Quando toca a dinheiro, as conclusões costumam ser mais ou menos as mesmas. A ideia de que pertencer à maçonaria é meio caminho andado para a riqueza é tão natural como errada. Mesmo assim, a pergunta sai disparada em jeito de provocação. Os olhos de Amadeu Carvalho sorriem, como que a agradecer a lembrança.

“Quem acreditar que a maçonaria serve para arranjar emprego para o filho, para a filha, para a sobrinha, está enganado. Não vai receber nada. E olhe, até vão pagar. Portanto, eles que façam contas à vida”. O tiro atinge-me em cheio. Faz isso alguma diferença? A resposta só pode ser sim.

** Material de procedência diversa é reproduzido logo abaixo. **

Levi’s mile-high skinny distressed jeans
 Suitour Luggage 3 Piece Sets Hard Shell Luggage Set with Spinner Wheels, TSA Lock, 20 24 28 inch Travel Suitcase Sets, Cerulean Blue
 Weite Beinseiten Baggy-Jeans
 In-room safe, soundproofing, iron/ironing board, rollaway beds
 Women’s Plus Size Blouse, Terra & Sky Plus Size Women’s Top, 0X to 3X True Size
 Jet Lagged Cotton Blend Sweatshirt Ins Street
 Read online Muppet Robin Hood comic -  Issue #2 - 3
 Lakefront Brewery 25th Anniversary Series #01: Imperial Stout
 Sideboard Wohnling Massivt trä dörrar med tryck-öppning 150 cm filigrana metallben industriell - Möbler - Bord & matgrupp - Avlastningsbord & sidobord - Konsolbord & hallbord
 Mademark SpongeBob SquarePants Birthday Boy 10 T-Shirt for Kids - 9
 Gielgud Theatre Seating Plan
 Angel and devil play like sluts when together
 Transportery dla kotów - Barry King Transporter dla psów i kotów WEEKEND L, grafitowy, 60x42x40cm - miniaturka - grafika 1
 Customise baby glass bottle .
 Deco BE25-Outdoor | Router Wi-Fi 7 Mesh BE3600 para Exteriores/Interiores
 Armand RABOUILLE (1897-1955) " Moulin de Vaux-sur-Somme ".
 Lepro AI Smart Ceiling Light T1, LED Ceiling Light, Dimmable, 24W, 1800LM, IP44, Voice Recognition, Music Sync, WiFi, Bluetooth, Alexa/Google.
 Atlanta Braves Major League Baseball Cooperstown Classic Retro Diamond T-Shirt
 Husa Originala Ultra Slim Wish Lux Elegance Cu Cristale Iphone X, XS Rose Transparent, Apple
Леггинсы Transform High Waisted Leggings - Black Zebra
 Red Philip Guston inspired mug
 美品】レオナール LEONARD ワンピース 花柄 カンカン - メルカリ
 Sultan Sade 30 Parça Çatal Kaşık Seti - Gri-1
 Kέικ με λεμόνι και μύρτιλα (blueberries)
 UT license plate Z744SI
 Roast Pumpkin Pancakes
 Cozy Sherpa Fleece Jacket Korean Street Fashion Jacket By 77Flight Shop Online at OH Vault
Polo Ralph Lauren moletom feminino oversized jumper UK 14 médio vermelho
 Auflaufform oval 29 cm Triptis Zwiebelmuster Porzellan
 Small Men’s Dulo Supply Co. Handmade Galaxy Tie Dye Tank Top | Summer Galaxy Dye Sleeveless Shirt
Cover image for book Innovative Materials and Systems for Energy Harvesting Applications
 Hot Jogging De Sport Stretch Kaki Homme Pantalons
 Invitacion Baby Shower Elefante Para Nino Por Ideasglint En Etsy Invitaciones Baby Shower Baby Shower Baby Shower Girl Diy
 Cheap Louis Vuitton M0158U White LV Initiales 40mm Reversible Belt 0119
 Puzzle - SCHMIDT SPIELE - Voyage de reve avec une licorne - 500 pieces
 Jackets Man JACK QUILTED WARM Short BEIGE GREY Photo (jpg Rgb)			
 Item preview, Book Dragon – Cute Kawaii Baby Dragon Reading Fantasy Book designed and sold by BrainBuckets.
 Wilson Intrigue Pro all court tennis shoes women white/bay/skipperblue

Já é tarde. Na esplanada do Parque Verde do Mondego o fresco da noite começa a fazer-se sentir. O dia esteve perfeito, mas já não é a melhor hora para conversar. O professor agarra distraidamente nos apontamentos abandonados na mesa e, enquanto termino o quarto café, a agilidade de décadas leva-lhe a caneta à mão. Sustenho a respiração. Risco aqui, anotação ali, dois ou três minutos que demoram horas.

Levanta-se, estende-me a mão e, sem cerimónia, parte em direção ao parque de estacionamento. Fico sozinho com os meus pensamentos. Na mesa o bloco continua aberto. Leio com atenção.

Olho uma última vez para Coimbra. A cidade parece querer afogar-se no rio. A seus pés, um monte de palavras riscadas desce em direção ao fundo. A verdade, essa, salvou-se.